The $499,549 grant made it possible for mechanical engineering Assistant Professor Isaac M. Choutapalli to purchase the Tomographic Particle Image Velocimetry (Tomo-PIV) system, a 3-D measuring device, which will help in the measurement of fluid and air flow.

“It started with a senior design,” said Gregorio “Greg” Acosta, a mechanical engineering graduate student. “The idea came because we were studying the pectoral fins of a humpback whale. They have a different structure in the front of the flippers, so what we were trying to do is test those structures to see how it would affect the aerodynamic of [an aircraft] wing.”

After Acosta’s senior group project was introduced last year, Choutapalli created the abstract idea and applied for the federal grant and received nearly a half-million dollars to continue the study of fuel efficiency and drag reduction for military aircraft.

Choutapalli oversees the students’ research in the Aerodynamics and Propulsion Laboratory, where the system is set to arrive by mid-November.

“I am working on the design,” Acosta said. “We are trying to construct other wings, and if we get good results on it, we could acquire more grants and represent the school.”

Having the Tomo-PIV system will help the students study the military aircraft’s structure and how it affects the flow of the air around it.

“It’s very important, especially for military aircrafts. Even if it reduces the fuel consumption of an airplane by 10 percent, that could save them millions of dollars,” Acosta said.

The Tomo-PIV system will speed up the research process, which will in turn open the doors for further research and hiring of graduate and undergraduate students.

Asked if the research was all he hoped for, Acosta replied: “I don’t even know how I ended up doing my master’s. It all started when the professor asked me if I wanted to do research.”

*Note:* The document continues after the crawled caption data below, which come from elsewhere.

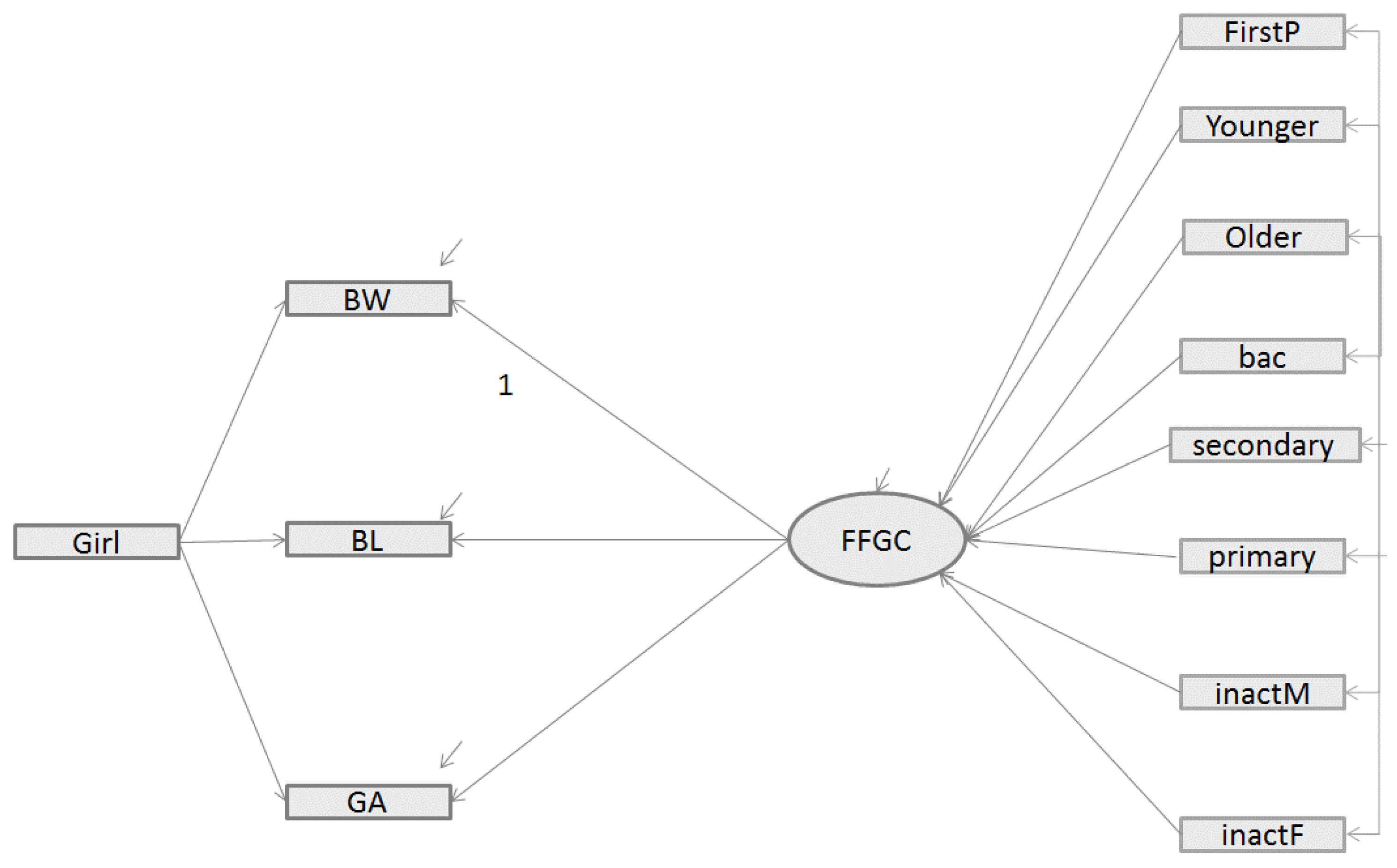 Ijerph 16 04069 g002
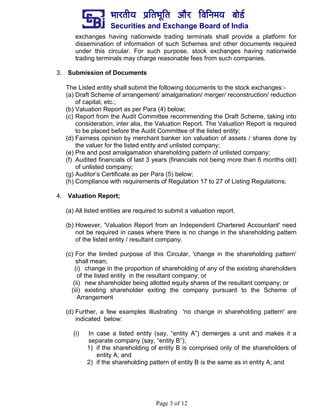 ¼ããÀ¦ããè¾ã ¹ãÆãä¦ã¼ãîãä¦ã ‚ããõÀ ãäÌããä¶ã½ã¾ã ºããñ¡Ã
Securities and Exchange Board of India
Page 3 of 12
exchanges having nationwide trading terminals shall provide a platform for
dissemination of information of such Schemes and other documents required
under this circular. For such purpose, stock exchanges having nationwide
trading terminals may charge reasonable fees from such companies.
3. Submission of Documents
The Listed entity shall submit the following documents to the stock exchanges:-
(a) Draft Scheme of arrangement/ amalgamation/ merger/ reconstruction/ reduction
of capital, etc.;
(b) Valuation Report as per Para (4) below;
(c) Report from the Audit Committee recommending the Draft Scheme, taking into
consideration, inter alia, the Valuation Report. The Valuation Report is required
to be placed before the Audit Committee of the listed entity;
(d) Fairness opinion by merchant banker ion valuation of assets / shares done by
the valuer for the listed entity and unlisted company;
(e) Pre and post amalgamation shareholding pattern of unlisted company;
(f) Audited financials of last 3 years (financials not being more than 6 months old)
of unlisted company;
(g) Auditor’s Certificate as per Para (5) below;
(h) Compliance with requirements of Regulation 17 to 27 of Listing Regulations;
4. Valuation Report;
(a) All listed entities are required to submit a valuation report.
(b) However, 'Valuation Report from an Independent Chartered Accountant' need
not be required in cases where there is no change in the shareholding pattern
of the listed entity / resultant company.
(c) For the limited purpose of this Circular, 'change in the shareholding pattern'
shall mean;
(i) change in the proportion of shareholding of any of the existing shareholders
of the listed entity in the resultant company; or
(ii) new shareholder being allotted equity shares of the resultant company; or
(iii) existing shareholder exiting the company pursuant to the Scheme of
Arrangement
(d) Further, a few examples illustrating 'no change in shareholding pattern' are
indicated below:
(i) In case a listed entity (say, “entity A”) demerges a unit and makes it a
separate company (say, “entity B”);
1) if the shareholding of entity B is comprised only of the shareholders of
entity A; and
2) if the shareholding pattern of entity B is the same as in entity A; and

 Choutapalli also approached Alexandra Alaniz, a mechanical engineering senior, once he became familiar with her work ethic after becoming the adviser to her year-old organization, the Rocket Launchers.

“It was an honor to be invited by Choutapalli to assist with the research,” Alaniz said.

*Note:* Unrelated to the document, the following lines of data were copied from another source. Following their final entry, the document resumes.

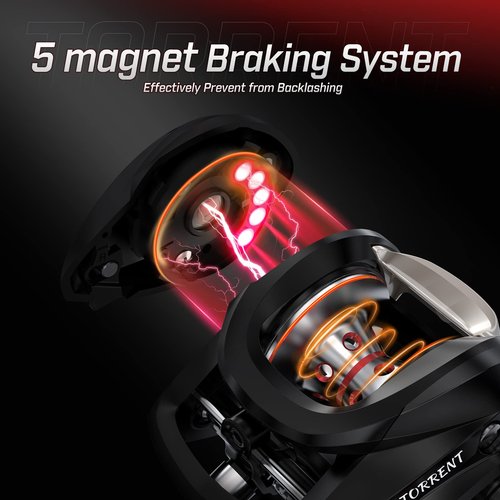 Piscifun Torrent Baitcasting Reel 18LB Carbon Fiber Drag 7.1:1 Baitcasters Unequaled Affordable High-tech Innovation Baitcast Fishing Reels Right Handed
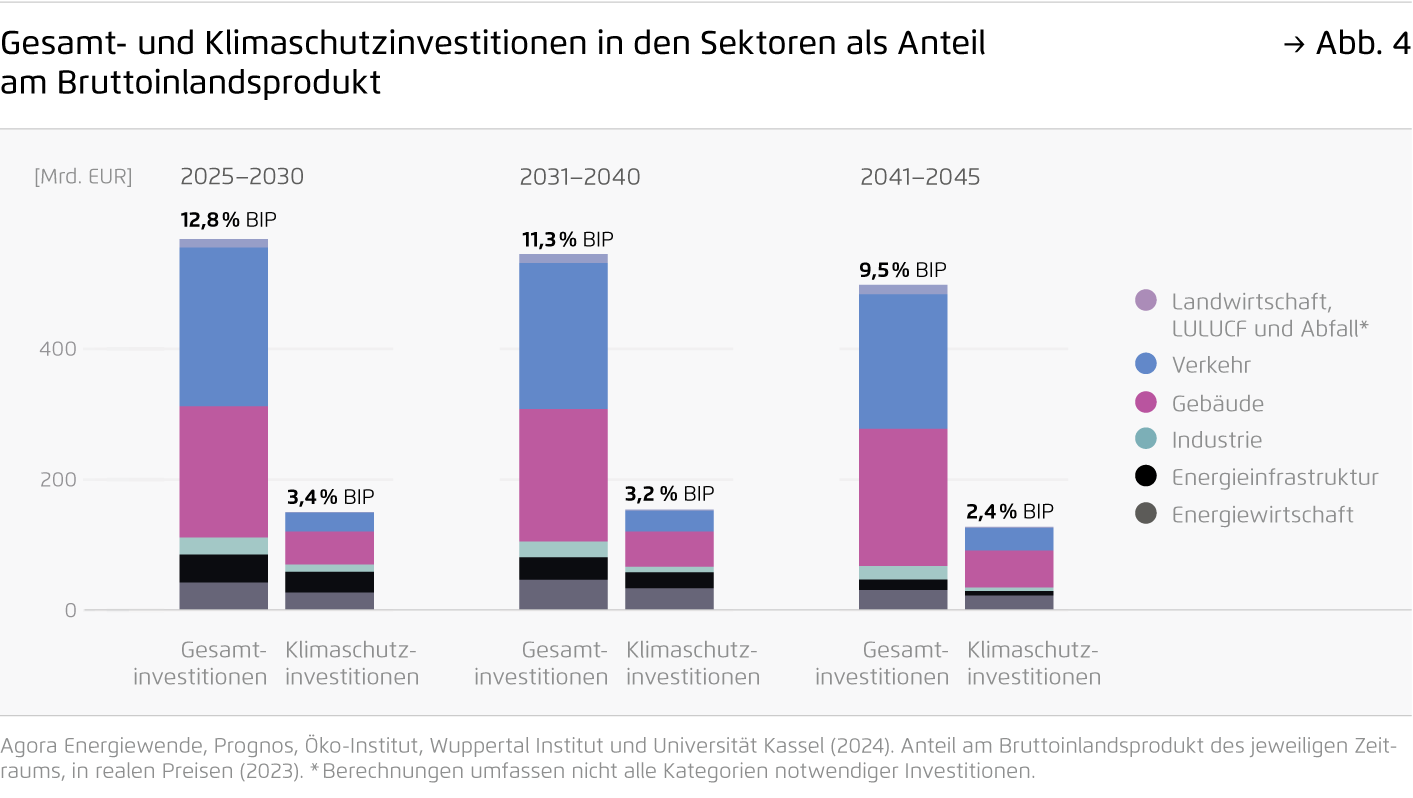 Preview for Gesamt- und Klimaschutzinvestitionen in den Sektoren als Anteil am Bruttoinlandsprodukt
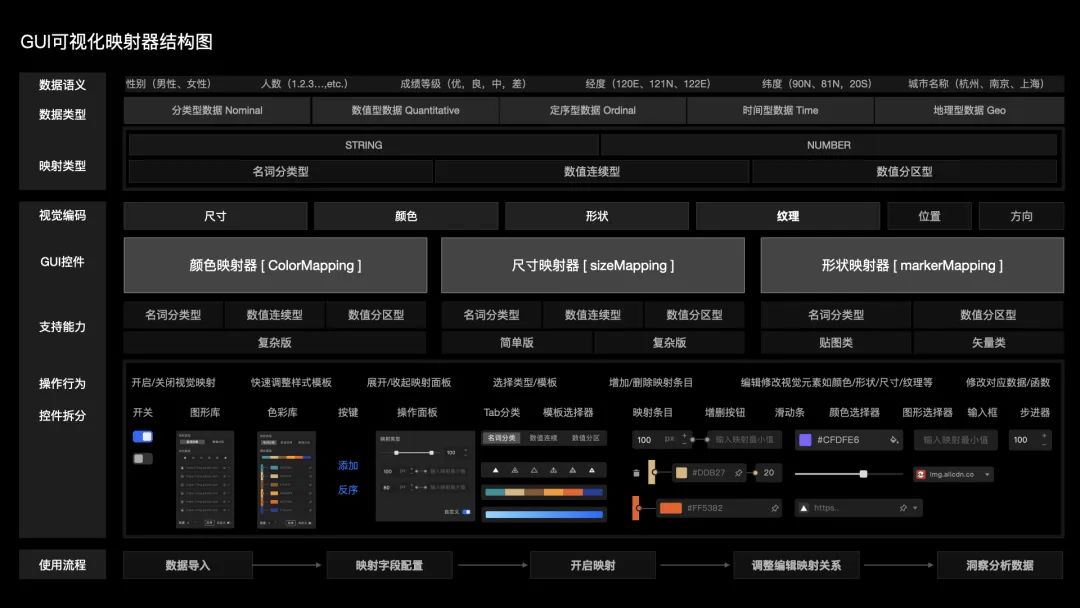 阿里|S03E05:当设计遇见AI,智能设计的践行者——2022阿里云设计中心年鉴 - 图31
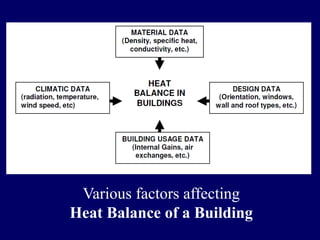 HEAT GAINS IN BUILDINGS ARCHITECTURE.pptx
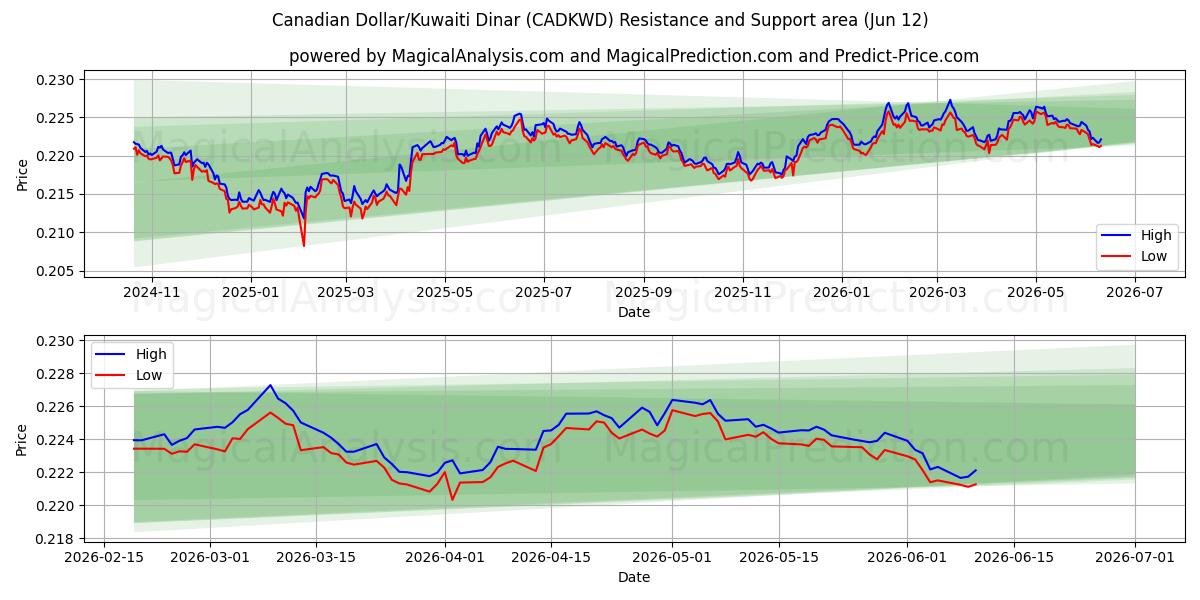  加拿大元/科威特第纳尔 (CADKWD) Support and Resistance area (11 Jun)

She has always been intrigued by space and NASA, and was inspired by her cousin, who studied electrical engineering, which led her to study mechanical engineering.

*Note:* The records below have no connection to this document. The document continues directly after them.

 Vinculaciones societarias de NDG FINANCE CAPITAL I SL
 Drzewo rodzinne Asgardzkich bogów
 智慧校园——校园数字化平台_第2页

“With this equipment, it opens up not only aerospace, but also biomedical areas,” Choutapalli said.

The mechanical engineering professor is working on a project with the School of Medicine’s faculty on the treatment of brain aneurysms.

They will try to alter the blood flow through the arteries by putting flow diverters. He said that using this equipment would show them how the blood flows through the arteries when flow diverters are installed.

“Having [the system] is a big advantage,” Acosta said. “You can speed up the research instead of taking forever with the smoke. You could have other projects and more students involved.”

Asked how they would motivate students to approach mechanical engineering and aerospace, both Choutapalli and Acosta said that demonstrations would be done at HESTEC (Hispanic Engineering, Science and Technology Week).

“Once students start seeing the fog or the laser in action and learn what it takes to design a wing of an airplane, that will fascinate students,” Acosta said.

Choutapalli and students will be going to different high schools in the area to get students interested in aerospace and engineering.

“Right now, the program is not that big, so hopefully with the new equipment, we can make better programs here [at UTRGV] so students can get more engaged in these programs,” Acosta said.